§ **RECORD SET**
· · · ·

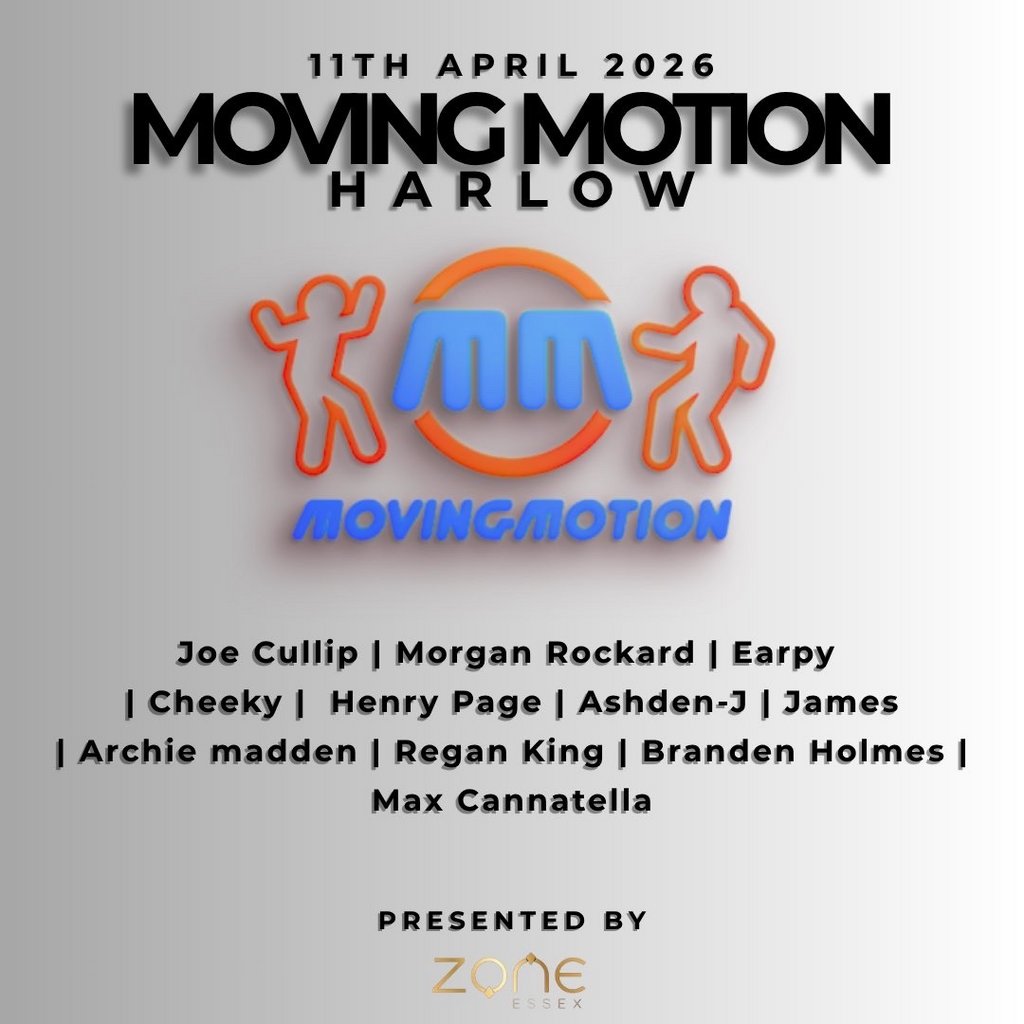 Moving Motions Events Presented By The Zone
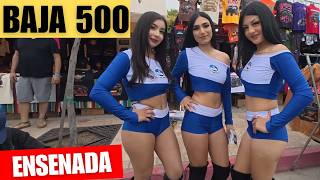 Asi Se VIVE LA BAJA 500 En Ensenada  Baja California 2026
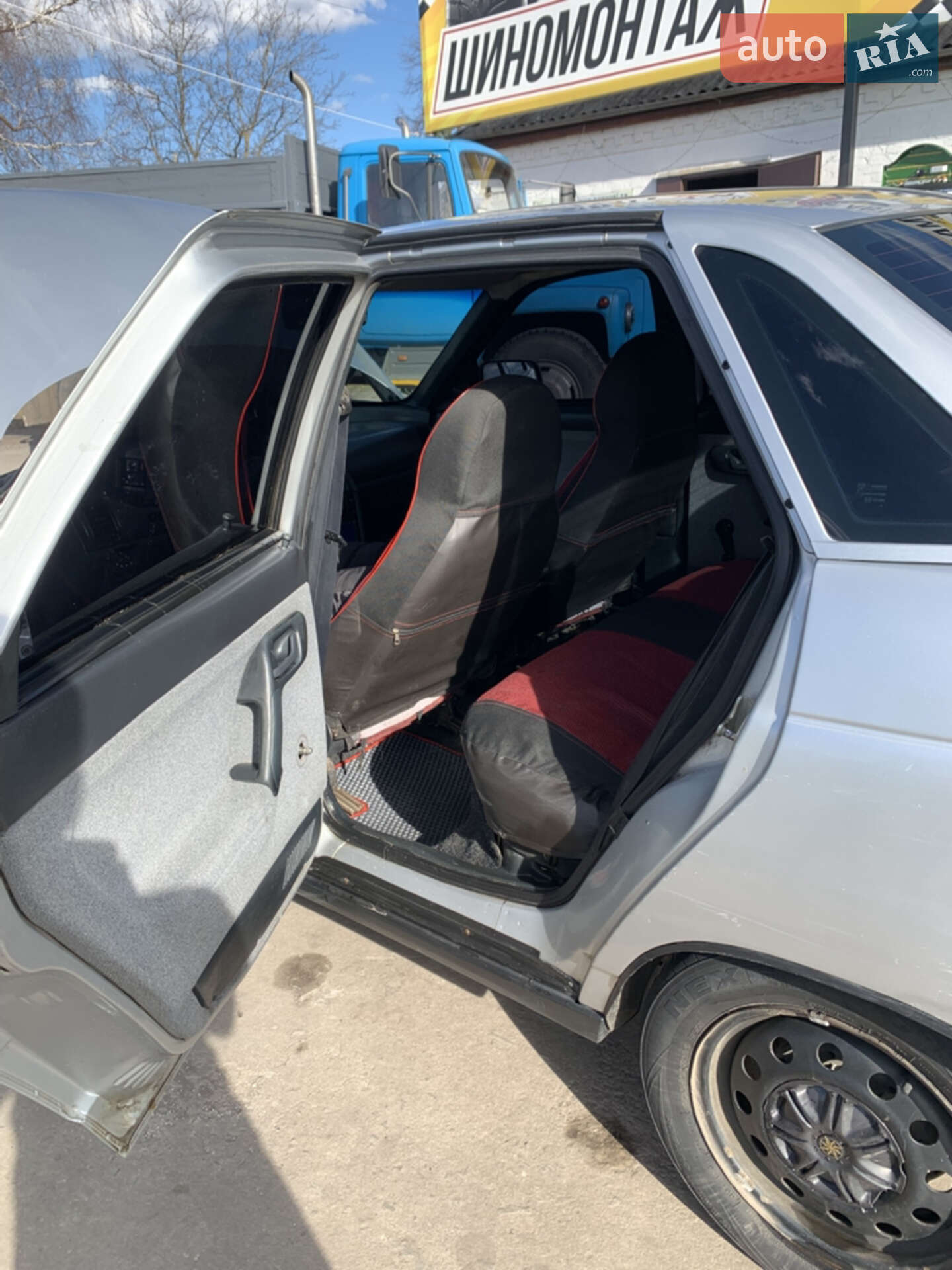 ВАЗ / Lada 2110 2006 VIN XTA21104060970231 фото оголошення 10 з 11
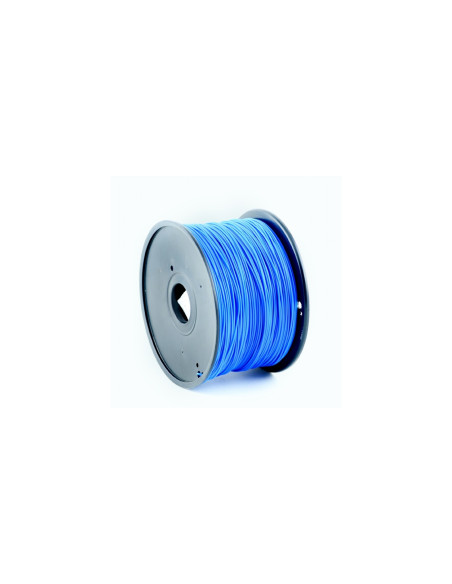 Gembird 3DP-PLA1.75-01-B material de impresión 3d Ícido poliláctico (PLA) Azul 1 kg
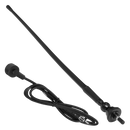 Boss Audio Systems Marine Rubber Antenna Compatible with Marine Receiver-1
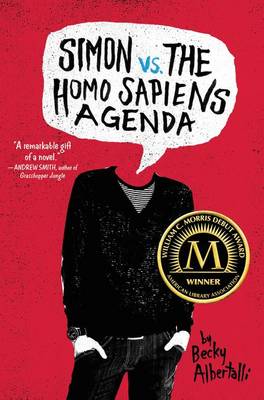 Simon vs. the Homo Sapiens Agenda book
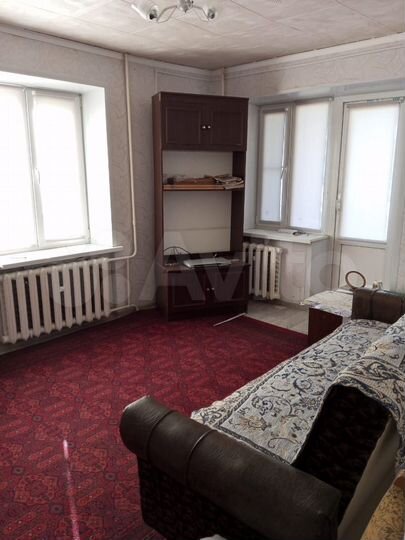 2-к. квартира, 51 м², 1/2 эт.
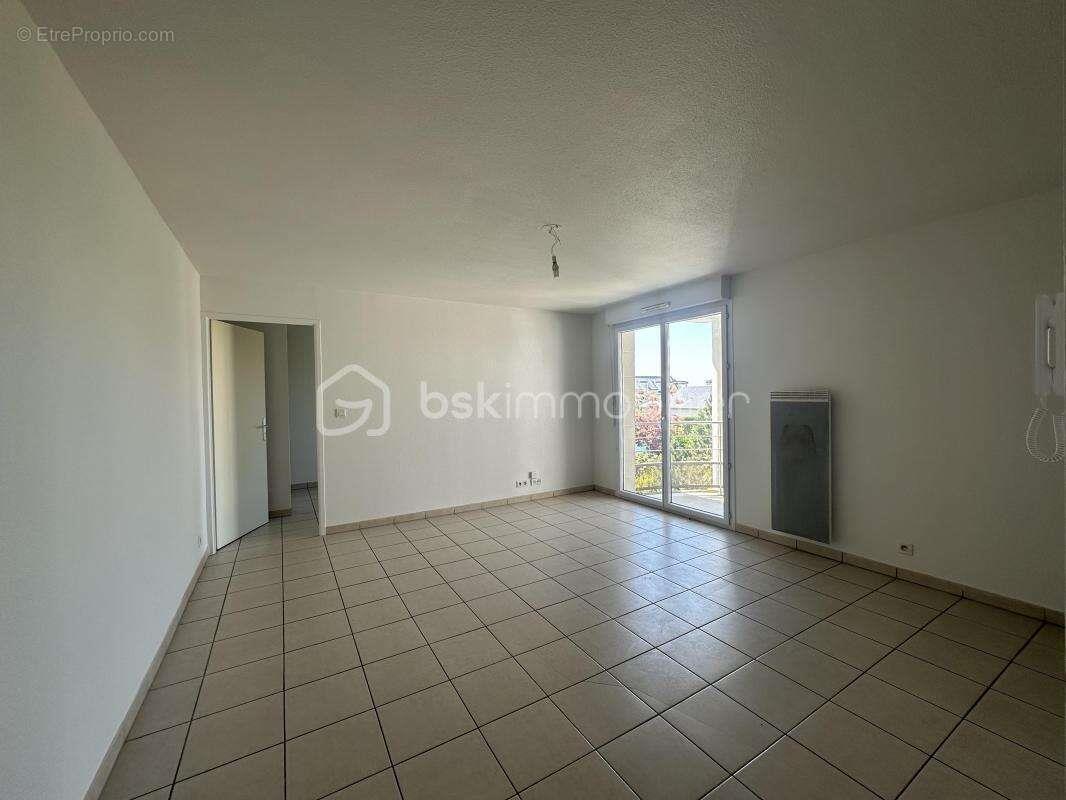 Appartement à vendre, 56m², Tours
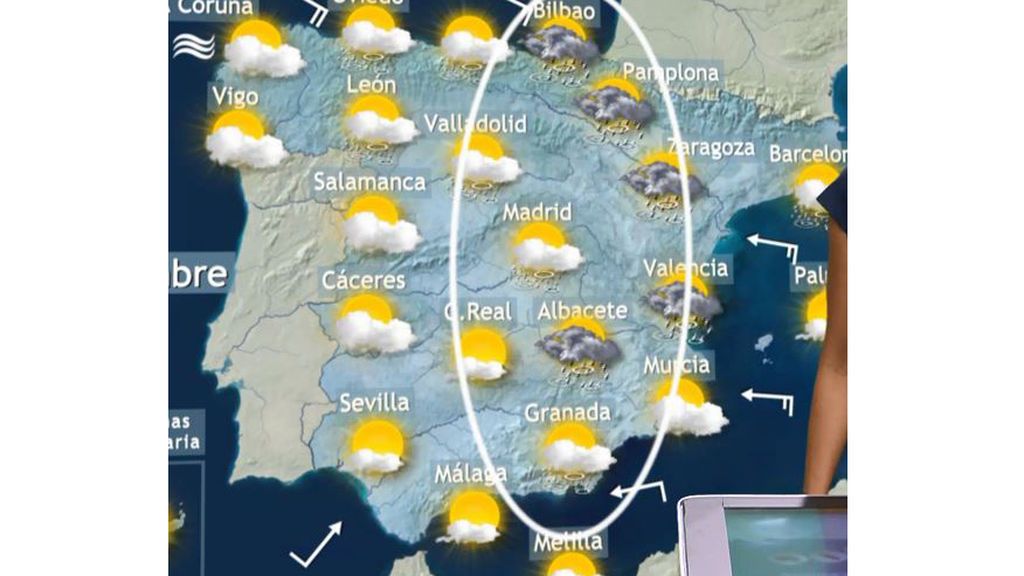 mapita tormentas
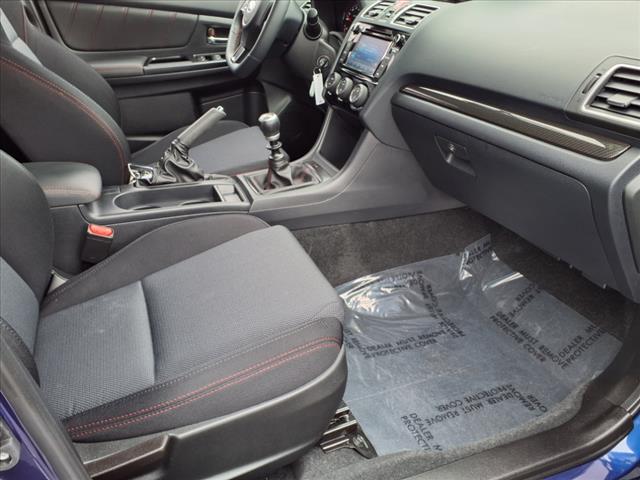 2021 Subaru WRX Base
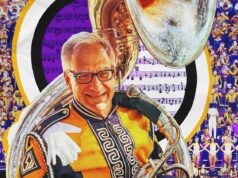 „To myslíš vážne?“: Ako skupina LSU získala 66-ročného hráča na tubu „To myslíš vážne?“: Ako skupina LSU získala 66-ročného hráča na tubu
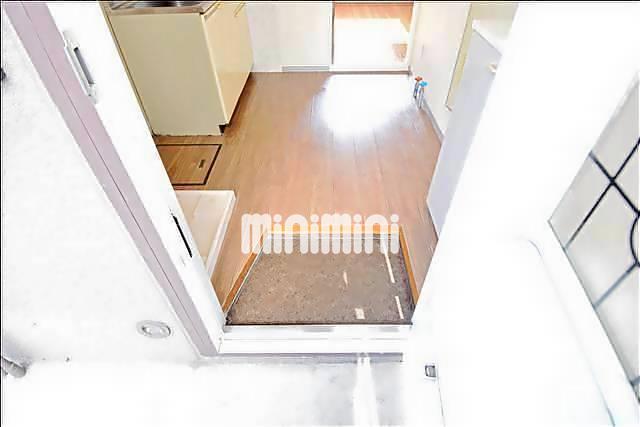 玄関　＊同物件の別室の写真です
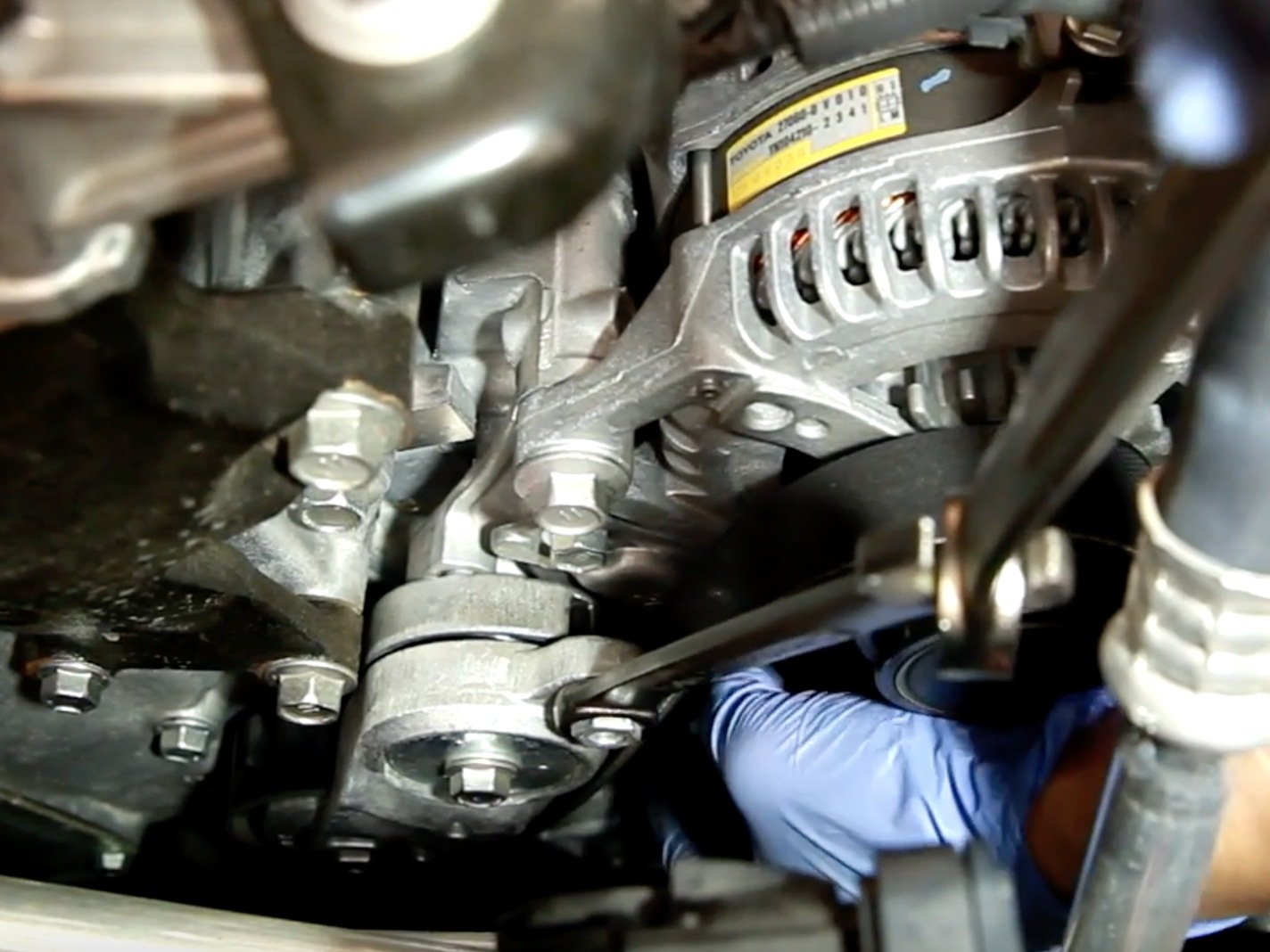 See P1F05 in engine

· · · ·

§ **YOUR INSTRUCTIONS**
Your answer must be the exact lines from the start of the data through the line with "mapita tormentas", inclusive, and nothing else; pictures do not belong in it.

§ **EXERCISE SOLUTION**
 Moving Motions Events Presented By The Zone
 Asi Se VIVE LA BAJA 500 En Ensenada  Baja California 2026
 ВАЗ / Lada 2110 2006 VIN XTA21104060970231 фото оголошення 10 з 11
 Gembird 3DP-PLA1.75-01-B material de impresión 3d Ícido poliláctico (PLA) Azul 1 kg
 Boss Audio Systems Marine Rubber Antenna Compatible with Marine Receiver-1
 Simon vs. the Homo Sapiens Agenda book
 2-к. квартира, 51 м², 1/2 эт.
 Appartement à vendre, 56m², Tours
 mapita tormentas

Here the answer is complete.